I believe Neil Boyle, who did all the animation for us, suggested that we do it in black and white, and as soon as he said that, I realized what a smart choice it was. Not only because it looks cool, and not only because it makes the differentiation between inside Sherlock’s head and outside greater, but Sherlock is very binary. His brain, his mind palace is only full of useful data. He is very black and white; things are either useful, or they’re not. Choosing to do the hand-drawn stuff in black and white actually supported the way Sherlock operates, so it was a good choice.
What was your approach to working with the specifics of gnomes as characters, who operate in their own specific way?
There’s a very good expression for movies that I believe in and hold to, which is, “You get to lie once.” You can have any lie you like, but once you’ve lied, you have to work that lie very logically.

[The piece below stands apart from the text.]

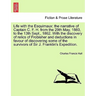 Life with the Esquimaux: the narrative of Captain C. F. H. from the 29th May, 1860, to the 13th Sept., 1862. With the discovery of relics of Fr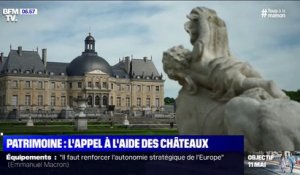 L'appel à l'aide des châteaux de France pour sauver le patrimoine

For me, the lie was that we expanded our definition of what could come to life; inanimate, sculpted things with a face can come to life in our world. To me, that meant that everything else had to be as grounded as possible. If our style was too cartoony or stylized, then living gnomes wouldn’t really stand out, in a world where everything was unrealistic. So, we made the choice to try and ground our environment as realistically as possible. All the background human characters are motion capture. We keep key-frame animation for our gnome characters and our non-human characters, so there’s a distinct difference in the way the characters we’re following appear, and we just keep humans in the background, like weather.
We did a lot of research. We took the art department down to the Victorian sewers in Brighton to get the details on the sewers right. We climbed all over Tower Bridge, went into the Bascule Chamber, up onto the parapets. We made sure that the details of what we were putting into the film were as based on 2017 reality as possible; it wasn’t just Google research. And the other thing we wanted to do was to put in all the things you actually see in the real world that often get art-directed out, like rubbish, and strange bits of wire that just stick out of a wall for no reason. It’s very easy to design those away, but real life isn’t like that, so we wanted our version of London to be as untidy and dirty and real as possible.

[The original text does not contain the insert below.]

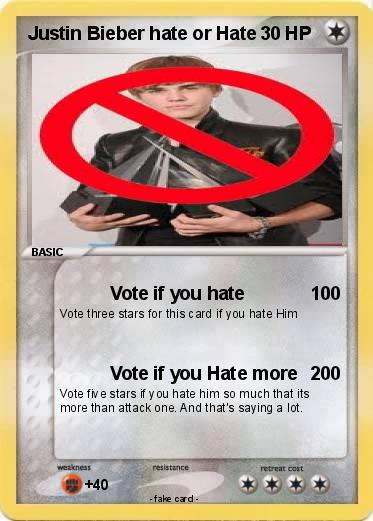 Pokemon Justin Bieber hate or Hate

We brought in this great live-action DP, Julio Macat, who shot Home Alone, to be our visual consultant. He took some of our 3D maquettes—our little physical sculpts of characters that are one-to-one scale—out into the city and shot them in various lighting tests and various lenses, and depths of field, because I wanted to shoot the movie as if you were a gnome. You’re not a human being; you’re a 12-inch gnome and you don’t care about the human world. We used depth of field to allow the backgrounds and the people to fall away, because they’re not important to us as a gnome. We even built scaled invisible camera rigs for our layout because the idea was that it’s a film shot by a gnome camera crew. We were trying to ground our photography, make it as live-action as possible, because I felt that again, if the camera got too CG-crazy, we would break the lie of living pottery.